• WHAT IS NEEDED: Taking the line with "Amsleekey Modular Sectional" as the first and the line with "Macaron purple Fleece Long Cycling Jersey" as the last, set down exactly every line in that range from the entries below, and no more.

Segment Open

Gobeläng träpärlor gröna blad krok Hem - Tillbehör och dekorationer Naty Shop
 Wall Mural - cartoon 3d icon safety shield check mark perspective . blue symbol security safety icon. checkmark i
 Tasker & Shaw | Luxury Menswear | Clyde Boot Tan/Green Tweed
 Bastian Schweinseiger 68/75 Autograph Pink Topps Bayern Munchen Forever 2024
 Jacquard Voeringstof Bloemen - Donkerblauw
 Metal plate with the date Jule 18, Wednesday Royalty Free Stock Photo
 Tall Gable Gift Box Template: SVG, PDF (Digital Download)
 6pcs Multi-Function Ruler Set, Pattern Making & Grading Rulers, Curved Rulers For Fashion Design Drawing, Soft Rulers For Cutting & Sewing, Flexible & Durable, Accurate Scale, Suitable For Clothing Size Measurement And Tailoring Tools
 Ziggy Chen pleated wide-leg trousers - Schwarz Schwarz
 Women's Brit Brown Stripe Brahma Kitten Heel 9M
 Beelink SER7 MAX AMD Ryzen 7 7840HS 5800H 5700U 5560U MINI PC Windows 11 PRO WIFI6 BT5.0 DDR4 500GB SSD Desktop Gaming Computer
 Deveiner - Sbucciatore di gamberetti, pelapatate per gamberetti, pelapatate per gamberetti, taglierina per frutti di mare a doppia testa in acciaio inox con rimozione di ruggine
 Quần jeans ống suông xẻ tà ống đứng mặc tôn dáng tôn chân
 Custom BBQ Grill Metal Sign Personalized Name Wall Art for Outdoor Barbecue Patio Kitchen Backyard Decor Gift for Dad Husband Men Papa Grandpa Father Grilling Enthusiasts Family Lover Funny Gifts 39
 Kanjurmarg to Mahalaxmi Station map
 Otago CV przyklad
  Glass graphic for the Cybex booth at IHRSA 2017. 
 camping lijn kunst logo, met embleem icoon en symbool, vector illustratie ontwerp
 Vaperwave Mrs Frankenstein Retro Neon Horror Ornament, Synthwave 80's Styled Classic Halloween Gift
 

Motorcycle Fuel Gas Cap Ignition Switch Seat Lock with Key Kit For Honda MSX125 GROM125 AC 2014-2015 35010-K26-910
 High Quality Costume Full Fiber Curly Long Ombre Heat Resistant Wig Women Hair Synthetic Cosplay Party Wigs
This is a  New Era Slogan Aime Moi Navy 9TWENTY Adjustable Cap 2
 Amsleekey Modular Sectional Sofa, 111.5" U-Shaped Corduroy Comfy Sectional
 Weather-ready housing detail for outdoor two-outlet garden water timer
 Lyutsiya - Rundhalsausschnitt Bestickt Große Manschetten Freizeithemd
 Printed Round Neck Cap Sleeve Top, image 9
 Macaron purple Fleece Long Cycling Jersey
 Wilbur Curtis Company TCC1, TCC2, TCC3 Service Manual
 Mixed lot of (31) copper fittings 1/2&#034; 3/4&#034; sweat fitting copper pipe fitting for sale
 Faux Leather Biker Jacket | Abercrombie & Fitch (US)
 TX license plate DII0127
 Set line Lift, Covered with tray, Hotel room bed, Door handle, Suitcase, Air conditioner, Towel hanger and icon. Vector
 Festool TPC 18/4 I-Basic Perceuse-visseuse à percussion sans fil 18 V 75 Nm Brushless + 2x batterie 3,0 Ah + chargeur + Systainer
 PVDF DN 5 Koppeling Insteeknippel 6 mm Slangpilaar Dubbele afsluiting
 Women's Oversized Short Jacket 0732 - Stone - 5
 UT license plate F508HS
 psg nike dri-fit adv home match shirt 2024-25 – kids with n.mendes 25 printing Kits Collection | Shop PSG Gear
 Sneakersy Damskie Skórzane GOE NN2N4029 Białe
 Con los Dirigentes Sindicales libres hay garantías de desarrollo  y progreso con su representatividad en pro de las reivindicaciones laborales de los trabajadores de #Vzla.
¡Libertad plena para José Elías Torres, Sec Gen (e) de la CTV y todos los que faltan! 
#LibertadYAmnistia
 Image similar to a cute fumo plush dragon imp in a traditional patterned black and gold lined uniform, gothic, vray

Segment Closed

• YOUR RESPONSE:
 Amsleekey Modular Sectional Sofa, 111.5" U-Shaped Corduroy Comfy Sectional
 Weather-ready housing detail for outdoor two-outlet garden water timer
 Lyutsiya - Rundhalsausschnitt Bestickt Große Manschetten Freizeithemd
 Printed Round Neck Cap Sleeve Top, image 9
 Macaron purple Fleece Long Cycling Jersey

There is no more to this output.